The usage of fence.i in openjdk

Sat Aug 6 18:15:12 UTC 2022

On Fri, 05 Aug 2022 15:06:32 PDT (-0700), vladimir.kempik at gmail.com wrote:
> More on this subject
> I can see the use of ifence() in the code is identical to the use of isb() in aarch64.
> Checking the documentation for fence.i and isb, I don’t see them to be 1:1 identical
>
> fence.i ( https://five-embeddev.com/riscv-isa-manual/latest/zifencei.html <https://five-embeddev.com/riscv-isa-manual/latest/zifencei.html> ): 
> FENCE.I instruction provides explicit synchronization between writes to instruction memory and instruction fetches on the same hart.
>
> ISB ( https://developer.arm.com/documentation/den0024/a/Memory-Ordering/Barriers/ISB-in-more-detail ):
> An ISB flushes the pipeline, and re-fetches the instructions from the cache or memory and ensures that the effects of any completed context-changing operation before the ISB are visible to any instruction after the ISB. It also ensures that any context-changing operations after the ISB instruction only take effect after the ISB has been executed and are not seen by instructions before the ISB. 
> And some info from the web:
>
> To me it sound like isb ( in aarch64) does the job a bit different than fence.i ( in rv64)

Broadly speaking I'd agree, with the caveat that there's no formal 
description of the RISC-V instruction fetch ordering requirements so 
it's kind of hard to tell exactly what fence.i does in detail.

> So, I think here:
>
>   __ la_patchable(t0, RuntimeAddress(CAST_FROM_FN_PTR(address, SharedRuntime::fixup_callers_callsite)), offset);
>   __ jalr(x1, t0, offset);
>
>   // Explicit fence.i required because fixup_callers_callsite may change the code
>   // stream.
>   __ safepoint_ifence();
>
>   __ pop_CPU_state();
>   // restore sp
>   __ leave();
>   __ bind(L);
>
>  we still have a small chance to start executing invalid ( old) code  from l1i if right after safepoint_ifence() our thread would be moved to another hart.
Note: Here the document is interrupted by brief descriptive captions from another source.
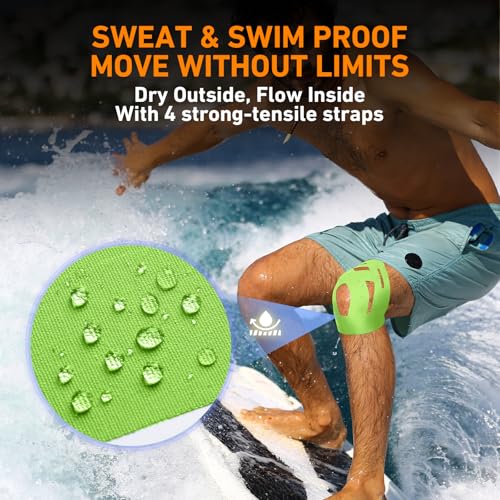 KTQUICK Precut Kinesiology Tape for Knees,12PCS,20% Stronger Adhesive Green - color: Green, size: 12PCS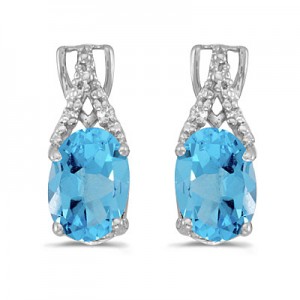 14k White Gold Oval Blue Topaz And Diamond Earrings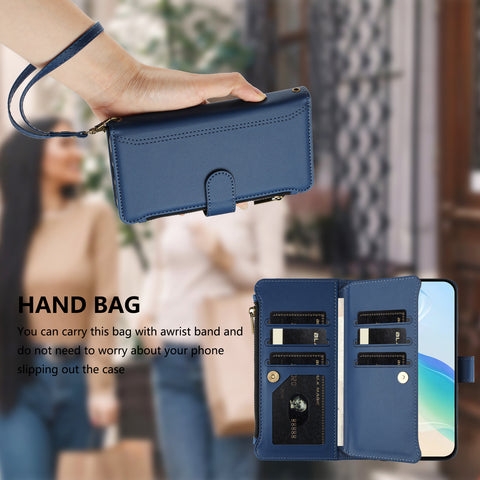 For Oppo Reno13 F 5G (Reno 13 FS 5G) / 4G Leather Case 9 Card Slots Zipper Wallet Stand Phone Cover with Wrist Strap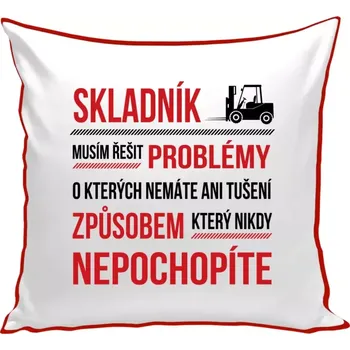 Polštář Polštář barevný 32x32 cm Musím řešit problémy - skladník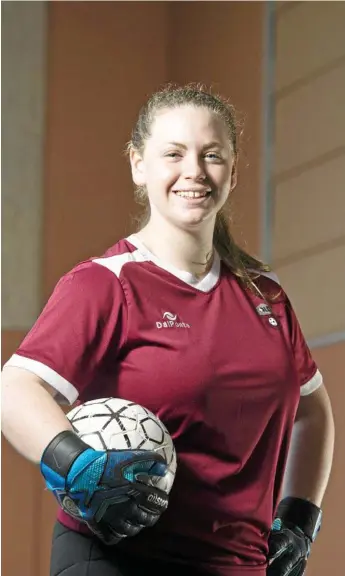  ?? Photo: Kevin Farmer ?? FUTSAL JOURNEY: Toowoomba’s Sarah Bradbury will journey to American next year as part of the Australian under 17-19 years futsal team contesting the USA Nationals.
Otherwise if fixup_callers_callsite would call icache_flush() somewhere inside, then safepoint_ifence wouldn’t be needed here

I don't know enough about the port to tell for sure, but generally 
speaking any code that executes a fence.i directly (ie, not from the 
VDSO call) can't rely on the orderings implied by the ISA for 
correctness.  I can imagine cases where a fence.i is the right thing to 
do for a performance reason (maybe the old code is safe, but it's better 
for performance to eagerly move to the new code), but with such a loose 
definition of fetch ordering that's going to require a lot of 
implementation-specific dependencies for correctness.
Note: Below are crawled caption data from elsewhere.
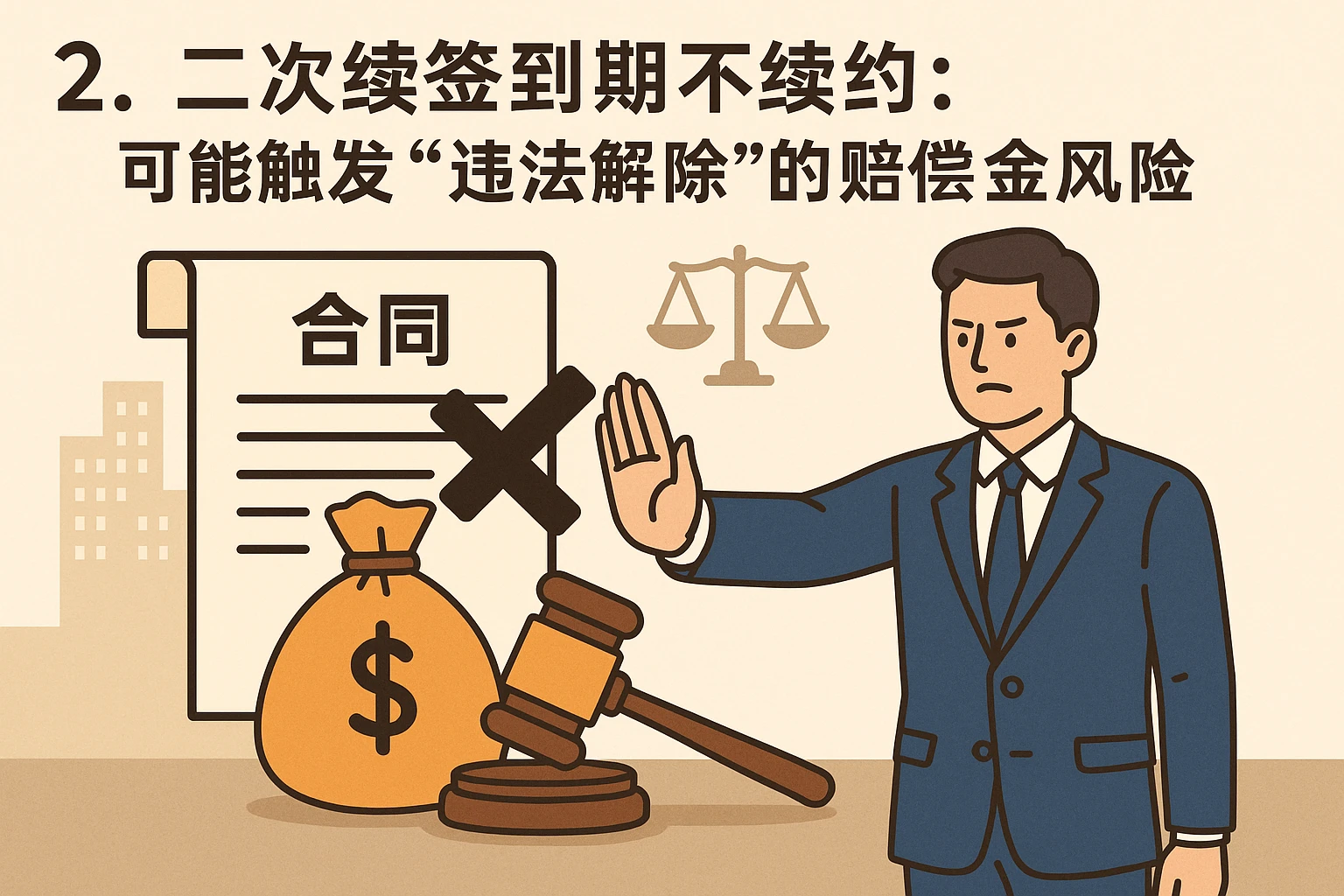 2. 二次续签到期不续约：可能触发“违法解除”的赔偿金风险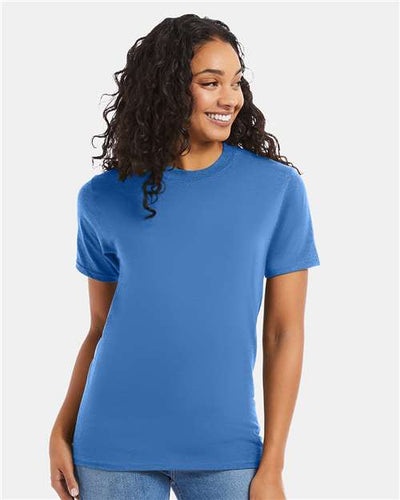 Hanes 5180 Carolina Blue — on model front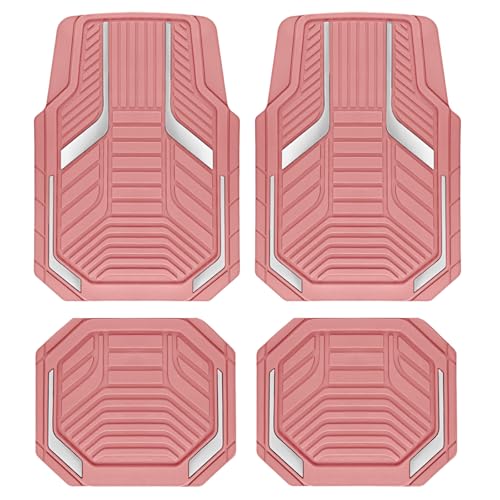 PIC AUTO Heavy Duty Pink Rubber Floor Mats, Silver Aluminum Film Car Mats Set, Front and Rear Car Mats with Anti-Slip Backing, All Weather Protection, Trim-to-Fit for Automotive SUV, Sedan, Van - color: All Pink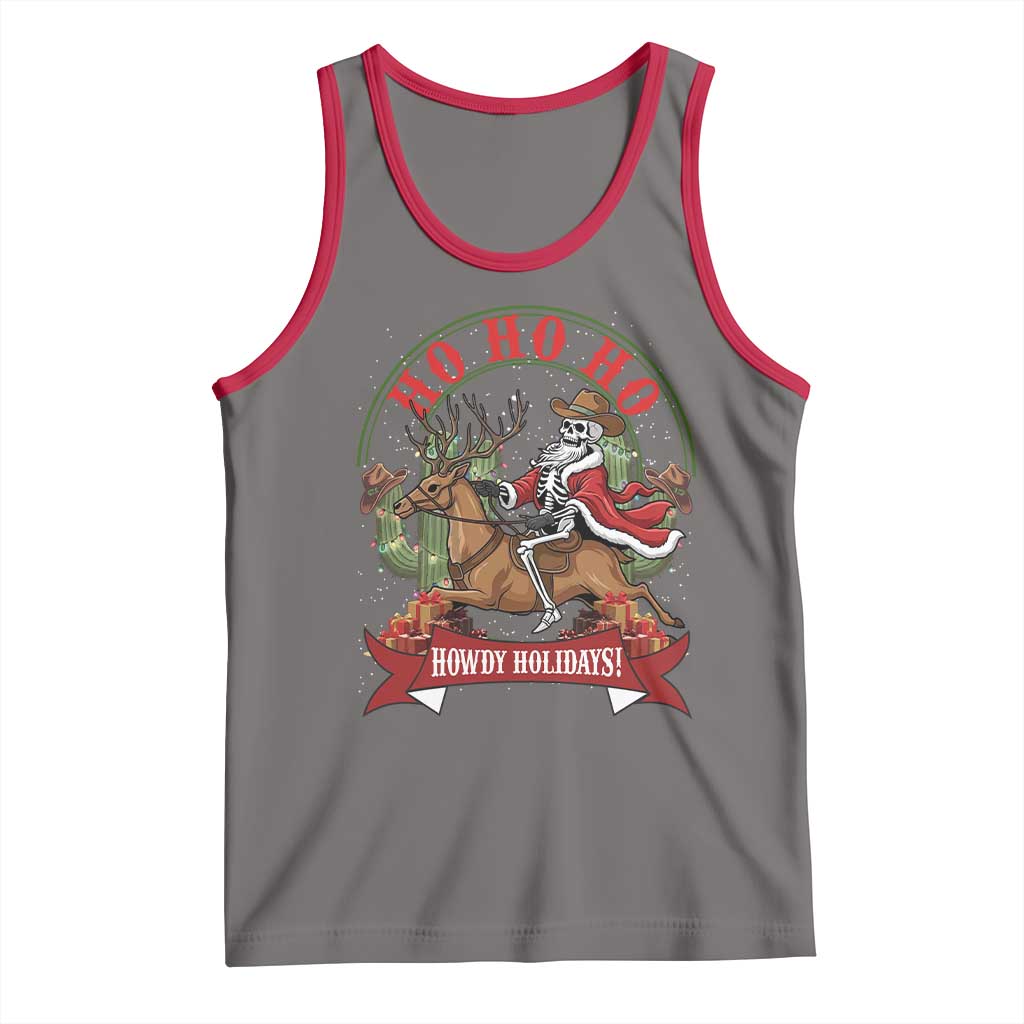 Funny Western Skeleton Cowboy Christmas Tank Top Howdy Holidays - Wonder Print Shop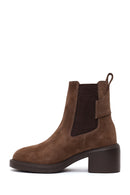 Woman Mink Thick-Heeled Suede Chelsea Boots | Derimod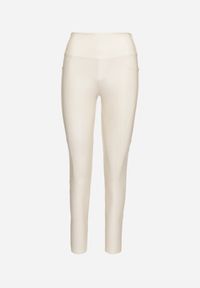 Born2be - Białe Legginsy z Imitacji Skóry i Kieszeni z Wysokim Stanem Olabria. Okazja: na co dzień. Stan: podwyższony. Kolor: biały. Materiał: skóra. Styl: elegancki, casual #7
I wouldn't be at all surprised if the VDSO call is way too slow for some 
important workloads, but that's an issue we'd need to fix.  Exactly what 
the fix is will depend on what's wrong with the VDSO call, but I think 
there's two main reasons: either the VDSO call is too slow because it 
enters the kernel, or userspace can't emit a call at all because of some 
other restrictions (maybe it doesn't know where the VDSO is yet, there's 
stack issues, etc).  Those should both be fixable, but there's lots of 
things to fix so it just hasn't been a priority.

> Regards, Vladimir
>
>> 30 июля 2022 г., в 13:29, Vladimir Kempik <vladimir.kempik at gmail.com> написал(а):
>> 
>> Hello
>> Thanks for explanation.
>> that sounds like the fence.i in userspace code is not needed at all
>> Regards, Vladimir
>>> 30 июля 2022 г., в 05:41, wangyadong (E) <yadonn.wang at huawei.com> написал(а):
>>> 
>>>> Lets say you have a thread A running on hart 1.
>>>> You've changed some code in region 0x11223300 and need fence.i before executing that code.
>>>> you execute fence.i in your thread A running on hart 1. 
>>>> right after that your thread ( for some reason) got rescheduled ( by kernel) to hart 2.
>>>> if hart 2 had something in l1i corresponding to region 0x11223300, then you gonna have a problem: l1i on hart 2 has old code, it wasn’t refreshed, because fence.i was executed on hart 1 ( and never on hart 2). And you thread gonna execute old code, or mix of old and new code.
>>> 
>>> @vladimir Thanks for your explanation. I understand your concern now. We know the fence.i's scope, so the write hart does not rely solely on the fence.i in RISC-V port, but calls the icache_flush syscall in ICache::invalidate_range() every time after modifying the code.
>>> 
>>> For example:
>>> Hart 1
>>> void MacroAssembler::emit_static_call_stub() {
>>> // CompiledDirectStaticCall::set_to_interpreted knows the
>>> // exact layout of this stub.
>>> 
>>> ifence();
>>> mov_metadata(xmethod, (Metadata*)NULL); <- patchable code here
>>> 
>>> // Jump to the entry point of the i2c stub.
>>> int32_t offset = 0;
>>> movptr_with_offset(t0, 0, offset);
>>> jalr(x0, t0, offset);
>>> }
>>> 
>>> Hart 2 (write hart)
>>> void NativeMovConstReg::set_data(intptr_t x) {
>>> // ...
>>>   // Store x into the instruction stream.
>>>   MacroAssembler::pd_patch_instruction_size(instruction_address(), (address)x); <- write code
>>>   ICache::invalidate_range(instruction_address(), movptr_instruction_size);  <- syscall here
>>> // ...
>>> }  
>>> 
>>